El pronunciamiento del jefe de Estado se conoció luego de que el expresidente de la Cámara de Representantes revelara que dicho proceso cerró a su favor.

"Con este caso ya van siete procesos que me cierran de índole judicial y administrativo.
He sido prudente en contestar tanta difamación, esperando que la justicia actúe. Han pretendido destruir ni nombre, mi vida política y personal con ataques de toda índole", dijo Racero.

El mensaje del presidente Petro

Así las cosas, luego de esta decisión del Consejo de Estado, el presidente Petro respaldó al representante a la Cámara.

"Después de una inmensa campaña mediática de desprestigio contra David Racero, resultó que no era cierta. David ha sido absuelto por el Consejo de Estado por su participación en un 'fruver' de su propiedad", dijo el mandatario.

A través de su cuenta de X, Petro señalo nuevamente que esto se trató de una campaña política en su contra y en contra de su partido.

"Esta época pasará como la época en donde se usó la prensa tradicional para favorecer el interés político de los más poderosos del país, en uno de los países más desiguales del mundo. Felicito a David por lograr mantener una acción política libre", agregó el mandatario .

Cabe recordar que David Racero ha sido una de las fichas claves y hombre de confianza del presidente Gustavo Petro, y actualmente aspira al Senado de la República.

Los detalles de las demandas del caso contra David Racero

Las demandas se basaban en las revelaciones de septiembre de 2024 en la revista Cambio, que publicó que Racero le pidió "apoyo" a Leonardo García, integrante de su unidad de trabajo legislativo (UTL), para revisar las cuentas de un supermercado que el representante manejaba junto a su familia entre 2020 y 2021.

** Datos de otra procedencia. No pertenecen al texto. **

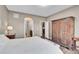 Bedroom with a hardwood floor, wooden wardrobe and a window that leads to the en-suite bathroom and kitchen at 11865 Barrentine Loop, Parker, CO 80138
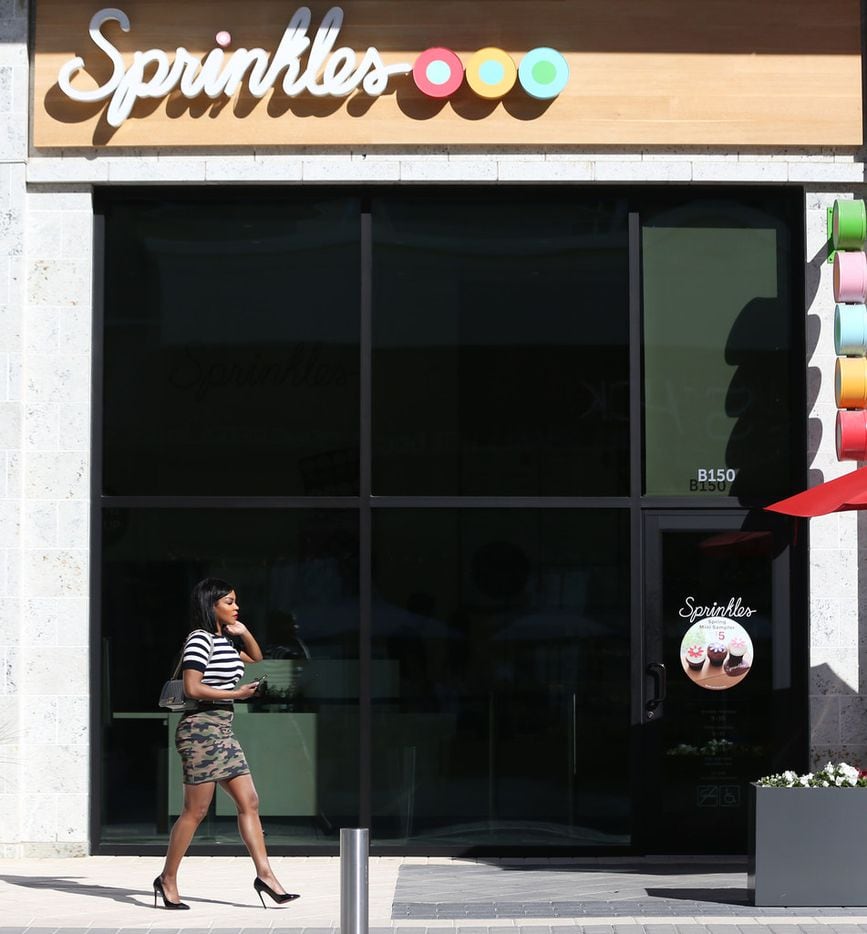 A woman walks past Sprinkles Cupcakes at Legacy West in Plano.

Yoad Pérez y Jorge Moreno adjuntaron en su solicitud de pérdida de investidura las capturas de pantalla y transcripciones de audios de varios medios de comunicación que revelaron las conversaciones entre Racero y García.

Su postura es que el congresista incurrió en "indebida destinación de dineros públicos".

En consecuencia, el Consejo citó, en diciembre, a una audiencia virtual para confrontar a los demandantes con el parlamentario y su defensa.

Sin embargo, la Procuraduría intervino para pedirle a la Sala 12 Especial de Decisión de Pérdida de Investidura que conservara el cargo de Racero.

"La presentación de capturas de pantalla, impresiones o textos transcritos carece de valor probatorio técnico por sí sola, dado que este tipo de evidencias puede ser fácilmente manipulado o editado sin dejar trazabilidad forense verificable", dijo el Ministerio Público. La Sala estuvo de acuerdo con el argumento.

El procurador del caso afirmó que su postura se basa en "la valoración probatoria, porque es un tema fundamentalmente de carácter probatorio".

El magistrado Fredy Hernando Ibarra Martínez encabezó la diligencia, que no se extendió por más de una hora. El consejero registró su proyecto de fallo el 28 de enero.

La sentencia definitiva, de 46 páginas, insiste en que no fue posible obtener un concepto técnico “concluyente o válido” sobre los pantallazos sin el celular original donde está la información, sin una extracción forense con herramientas especializadas o sin datos sobre la cadena de custodia o el origen del material.

David Racero acusó a los demandantes y a la prensa de "suplantar en la esfera pública el dictamen de los honorables magistrados". "Las argumentaciones de la demanda fueron absolutamente insuficientes", sostuvo en diciembre. La Sala de Instrucción de la Corte Suprema de Justicia lo indaga desde agosto del 2025.

“Es especialmente relevante advertir que” las capturas de pantalla “por sí solas no tienen la suficiente entidad jurídico procesal para dar por acreditada la configuración o estructuración de la causal de desinvestidura”.